宮地真緒主演のNHK連ドラ「まんてん」は、ただ個人的に好きなだけでなく、注目すべき作品だと思っています。あれは「宇宙の火の見櫓」という現状(多分)存在していない技術と、宇宙飛行士の募集方法に関する空想的な設定、更に最終的には2009年という(少なくとも作られた時点で)近未来を舞台にしたという点で、「SFである」と言い切るのはためらわれるとしても、近接領域には存在しているという点(仮面ライダーG3やチャラビン星人も出て来る? 更にまんてんの愛読書は、クラークの監修です)。そしてそれを、あのNHKの、朝の連続テレビ小説という文法を崩さずに、その中で実現してみせたという点。
 この二点だけで、私のようなタイプのSFファンにはたまらない作品です。まあ、SFの定義自体がとても難しいので、これについてはこれ以上語るのは差し控えますし、議論をする気もありませんが、とにかくこれは、その主人公のまんてんが首から提げており、時々「冬の星座」を吹いていたハーモニカを再現し(ようとし)たものです。

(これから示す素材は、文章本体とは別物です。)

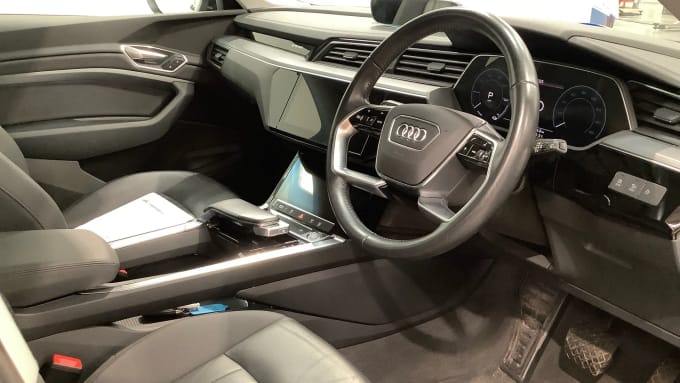 2020 Audi E-tron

 全体的には、ブルースハープに改造を加えてスペースシャトルのようにデザインしたもの、ということになりますが、ドラマの中では、多分父親の日高源吉さんが作ったんでしょうな。だとすると、結構器用だったことになります。何せ、ハーモニカって奴は全体が台形の断面を持っているので、うまくシャトルの形とつながりません。それにプラ版とパテで形を作って行ったのですが、今度はスプレーがうまく乗らない。結局、どうも全体的にガチャガチャの出来になってしまいました。

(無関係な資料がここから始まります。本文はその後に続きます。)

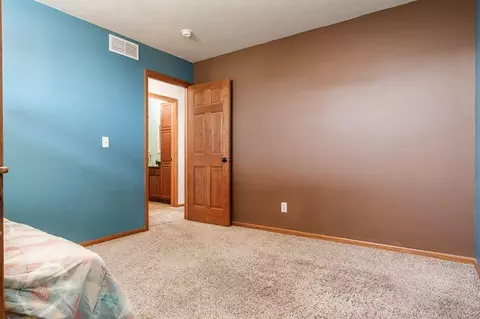 Bedroom - 652 Overture Way, Roscoe, IL 61073 photo 8 of 8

 テレビや映画の小道具の人って、こういうものを自作することもあるわけですから、もしかするとモデラーとかが嵩じて就く仕事なのかも知れませんね。とにかく、やはり私ごときのうまく作れるようなものではありません。せめて、鑢とスプレーくらいはやり直すべきかと思っているのですが――。
 なお、これはもちろん、ちゃんと演奏出来ます。ドラマで聴いた限りはG管なのでそれを基本にしてありますから、キーもまったく同じ。一度万博会場に行って(そういえば、ダイコン7があるな)、「冬の星座」を吹いてみたいものです。